Les Églises, bien qu’elles exercent parfois des prérogatives de puissance publique, ne revêtent pas la qualité de collectivité publique telle une commune. Elles ne bénéficient dès lors pas d’un emploi systématique du numéro AVS au sens de l’art. 153c al. 1 let. a ch. 3 LAVS.

Faits

L’Église évangélique réformée du Canton de Fribourg souhaite accéder à diverses données de la plateforme FriPers, gérée par l’État de Fribourg. Ces données lui permettraient de vérifier l’exactitude du registre de ses membres. Elle formule une demande à la Direction de la sécurité, de la justice et du sport (la Direction). Cette dernière accepte l’accès à certaines informations, mais refuse l’accès à d’autres.
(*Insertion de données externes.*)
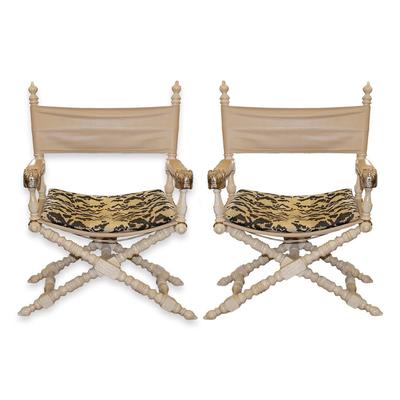 Pair Of Marge Carson Lion Motif Campaign Chairs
La 1ère Cour administrative du Tribunal cantonal fribourgeois admet le recours formé par l’Église évangélique réformée et ordonne à la Direction de transmettre certaines données supplémentaires. En revanche, le Tribunal cantonal maintient le refus de transmettre certaines données des habitants, en particulier le numéro AVS.

L’Église évangélique réformée forme alors recours en matière de droit public au Tribunal fédéral, qui est amené à se prononcer sur le respect de l’autonomie organisationnelle de l’Église évangélique réformée et si celle-ci peut accéder aux numéros AVS des habitant de confession protestante en tant qu’unité des administrations cantonales et communales.

Droit

L’art. 15 Cst. garantit la liberté de conscience et de croyance. Bien que les Églises ne bénéficient pas directement de la liberté religieuse corporative, la disposition leur octroie une autonomie organisationnelle : elles agissent et se développent sans influence de l’État. La Constitution fribourgeoise consacre également cette autonomie (art. 141 al. 2 Cst./FR). En l’espèce, l’Église évangélique réformée estime qu’en refusant l’accès aux données qu’il possède sur les habitants, le Canton de Fribourg l’empêche de mener à bien ses activités essentielles. En effet, sans informations sur les habitants, elle peine à contacter les fidèles et à les mobiliser. Le refus de transmettre les données constituerait dès lors, selon l’Église évangélique réformée, une violation de l’autonomie dont elle bénéficie.

En l’espèce, le Tribunal fédéral admet que l’Église évangélique réformée devra sans doute entreprendre d’autres mesures afin d’obtenir les informations voulues ; il est vrai que ces démarches s’avèrent moins efficaces qu’un accès aux données. Néanmoins, la charge de travail supplémentaire pour parer à cette perte d’efficacité ne constitue pas pour autant une entrave à l’autonomie de l’Église. En particulier, la recourante ne démontre pas que l’absence d’accès aux données empêcherait ses activités essentielles. Partant, le refus d’autoriser l’accès aux données ne viole pas  l’art. 15 Cst. et l’art. 141 al. 1 Cst./FR.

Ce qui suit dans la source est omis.